In this concept, you will learn how to write ratios and find equivalent ratios.

### Writing Ratios and Finding Equivalent Ratios

A ratio is a comparison of two quantities by division. Ratios describe a part-to-part comparison or a part-to-whole comparison. Ratios are written three ways: as a fraction, with a colon, and with the word “to.” The ratio for quantity \begin{align*}a\end{align*} to quantity \begin{align*}b\end{align*} is:

\begin{align*}\begin{array}{rcl} && \ \ \ \frac{a}{b}\\ && \ a:b\\ && a \text{ to } b \end{array}\end{align*}

Look at the picture below.

There are three stars and two circles. A ratio that describes the comparison of the number of stars to the number of circles is a part-to-part ratio. A ratio that describes the number of stars to the total number of items is a part-to-whole ratio.

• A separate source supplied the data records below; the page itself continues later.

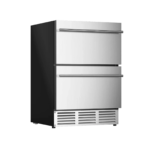 Euhomy Pulse Dual 150 Beverage Refrigerator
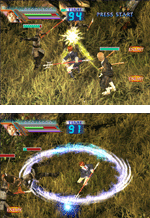 Simple 2000 Series Ultimate Vol. 16: Sengkou Vs. Gendai image 2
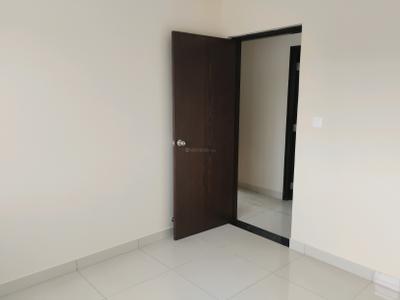 Bedroom Image of 1300 Sq.ft 3 BHK Apartment / Flat for rent in Provident Park Square, Vakil Garden City Bengaluru for Rs. 38000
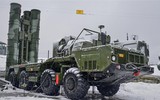 [ẢNH] Trung Quốc cáo buộc Nga bán cho họ bản S-400 chất lượng thấp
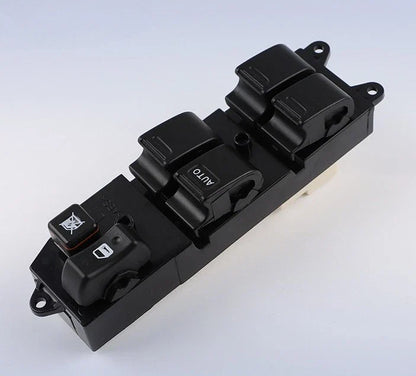 Front LH Window Switch for Camry/Avalon/Corolla (2003–2023)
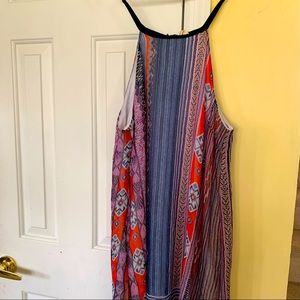 Peppermint Casual Dress‎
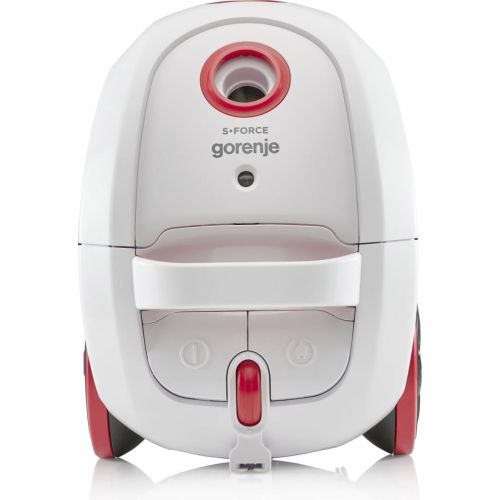 Прахосмукачка GORENJE VCE21SFWR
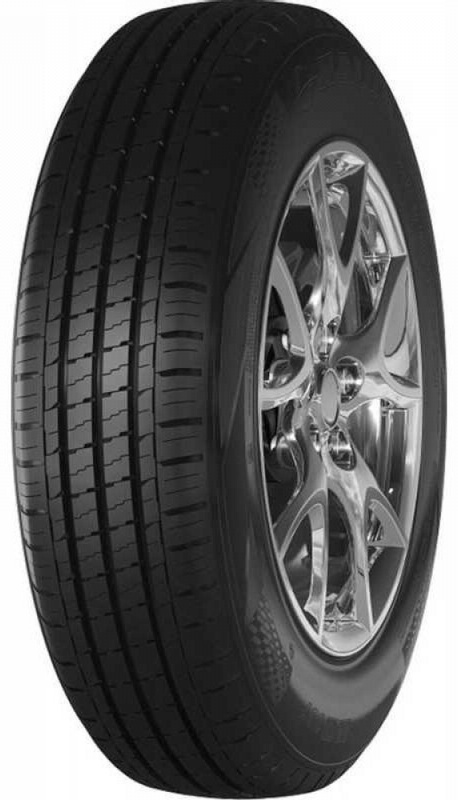 Haida HD737 235/65 R16 121 Q без шипов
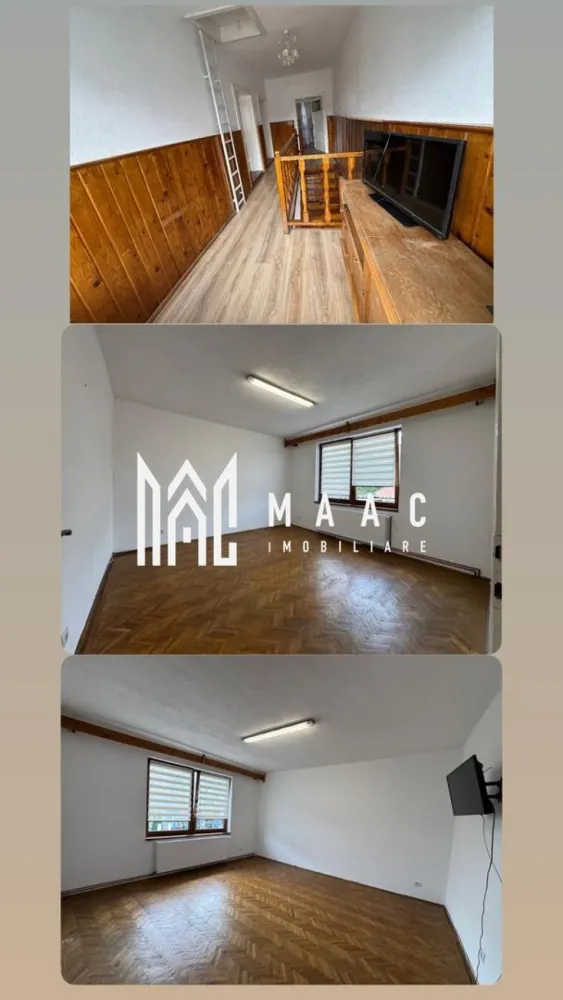 Casă Duplex | 132 MPU | Garaj | Curte | Calea Dumbrăvii– Sub Arini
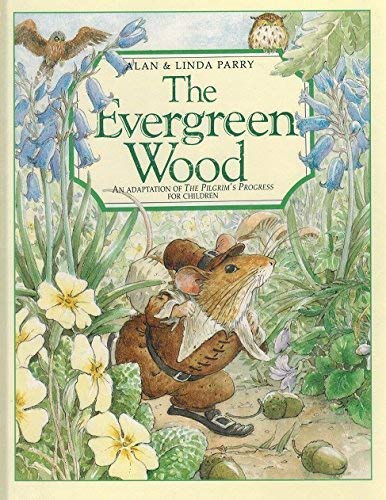 The Evergreen Wood - 6817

Let’s write a ratio for the number of stars to the number of circles three different ways. When writing a ratio, the order of the numbers is important. The first number must match the first quantity and the second number must match the second quantity.

\begin{align*}\begin{array}{rcl} && \ \ \ \frac{3}{2}\\ && \ 3:2\\ && 3 \text{ to } 2 \end{array}\end{align*}

The ratio 3 to 2 tells you that there are 3 stars for every 2 circles. Some other examples of part-to-part ratios for this picture could be ratios that describe orange objects to blue objects, blue stars to orange stars, orange circles to blue stars, and many others.

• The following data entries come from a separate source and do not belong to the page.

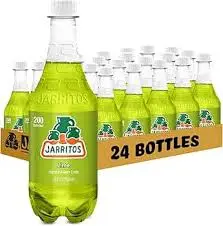 [Temp-INT-0338] JARRITOS 12.5OZ/24PK (LIME)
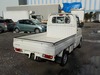 It is a picture of the white mitsubishi minicab truck in 2009,Sub Photo 2 Stock No.Y027861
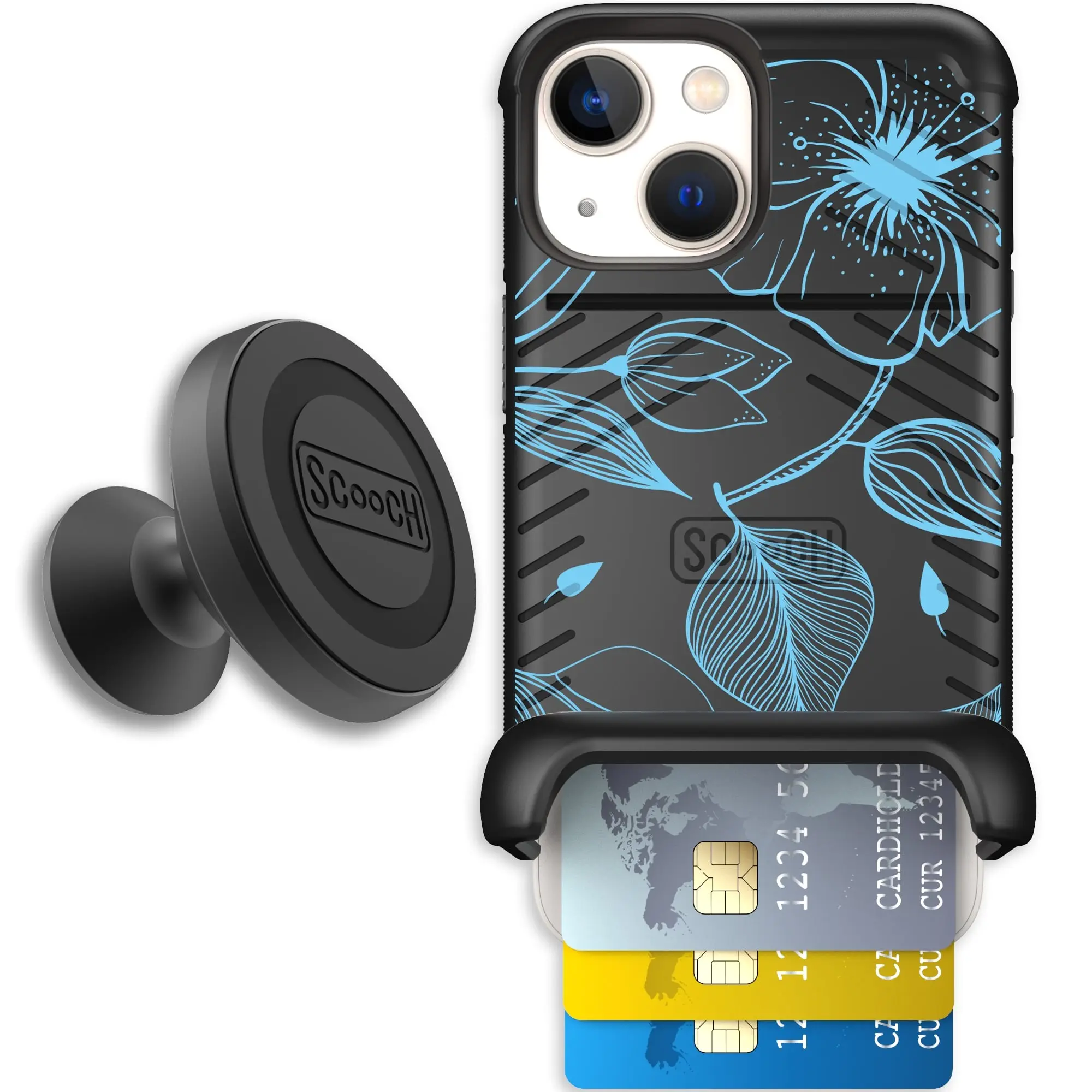 Wingmate Starter Bundle for iPhone 13 mini - Image 14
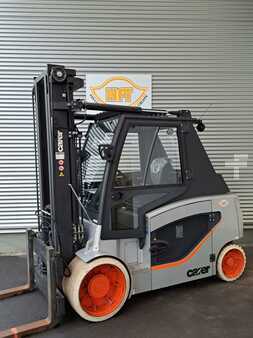 Elektryczne 4-kołowe 2025  Carer A80 SC (1)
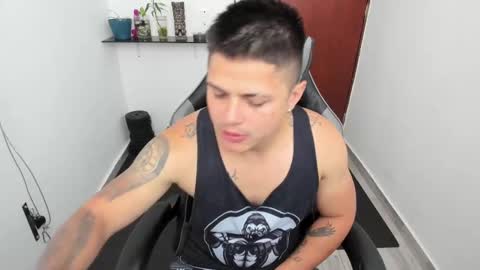 Teylor Fel online show from 02-16-25, 10:32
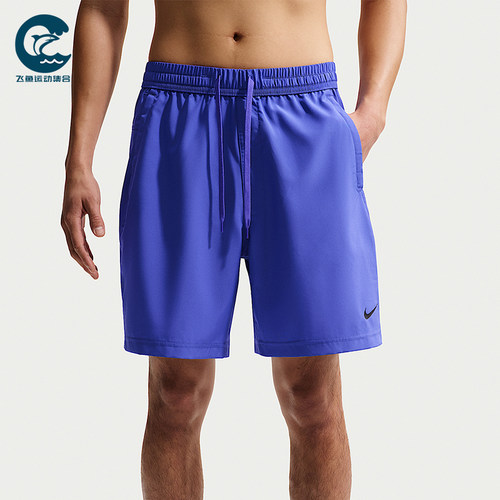 Nike/耐克正品2026年男士休闲跑步透气运动短款IF2785-510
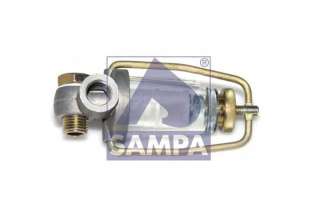 Filtr paliwa SAMPA 200.224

Let’s write a part-to-whole ratio that describes the number of blue objects to the total number of objects. Write the ratio three different ways.

\begin{align*}\begin{array}{rcl} && \ \ \ \frac{1}{5}\\ && \ 1:5\\ && 1 \text{ to } 5 \end{array}\end{align*}

Two ratios that have the same value are called equivalent ratios. To find an equivalent ratio, multiply or divide both quantities by the same number. It is the same process as finding equivalent fractions.

Let’s look at the ratio \begin{align*}\frac{3}{2}\end{align*}, the ratio of the number of stars to the number of circles. Multiply both the numerator and denominator by 2.

\begin{align*}\frac{3 \times 2}{2 \times 2}=\frac{6}{4}\end{align*}

The ratio \begin{align*}\frac{6}{4}\end{align*} is equivalent to \begin{align*}\frac{3}{2}\end{align*}. Compare the picture of 3 stars and 2 circles and a picture of 6 stars and 4 circles. There 3 stars for every 2 circles in both pictures.

### Examples

#### Example 1

Earlier, you were given a problem about Angie at the store.

The recipe uses 3 cups of flour and 1 cup of butter and she wants to make 3 batches of the recipe. To find how much flour and butter she needs, Angie can use equivalent ratios.

First, write a ratio for the number of cups of flour and the number of cups of butter.

\begin{align*}\frac{3 \text{ cups of flour}}{1 \text{ cups of butter}}\end{align*}

Next, find an equivalent ratio by multiplying the numerator and denominator by 3.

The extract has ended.